> _THE TASK_: A faithful copy of the data below is required, leaving out every picture.

> _EXERCISE DATA_:

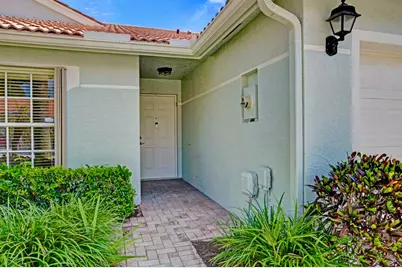 8375 Logia Circle, Boynton Beach, FL 33472 - Photo 9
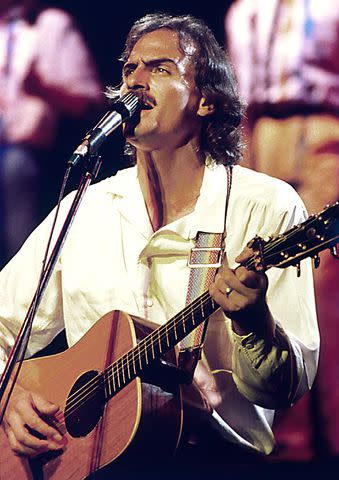 <p>Aaron Rapoport/Corbis/Getty</p> James Taylor in 1981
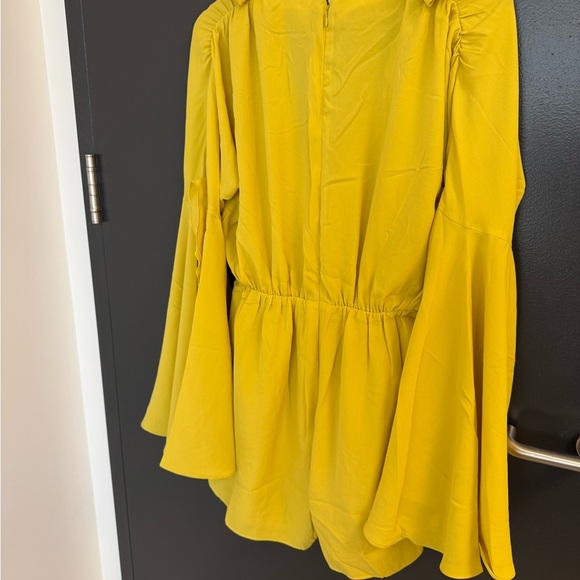 Andrea Iyamah size 6 (S) NWT Bright Yellow Long Sleeve romper with shorts - Picture 13 of 15
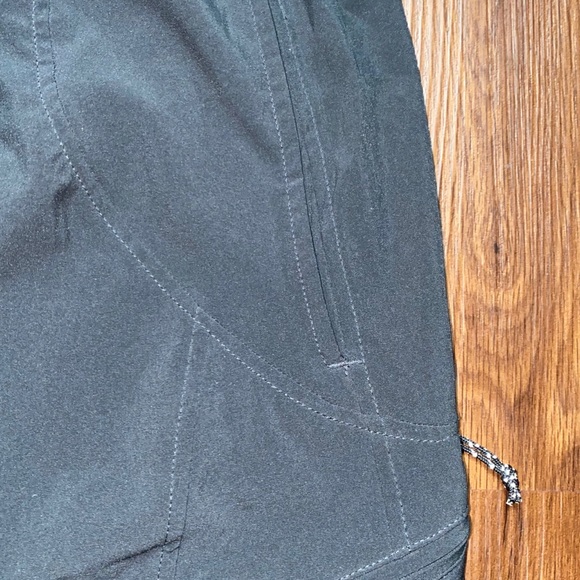 Men’s brooks running pants - Picture 4 of 9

> _OUTPUT_:
 8375 Logia Circle, Boynton Beach, FL 33472 - Photo 9
 <p>Aaron Rapoport/Corbis/Getty</p> James Taylor in 1981
 Andrea Iyamah size 6 (S) NWT Bright Yellow Long Sleeve romper with shorts - Picture 13 of 15
 Men’s brooks running pants - Picture 4 of 9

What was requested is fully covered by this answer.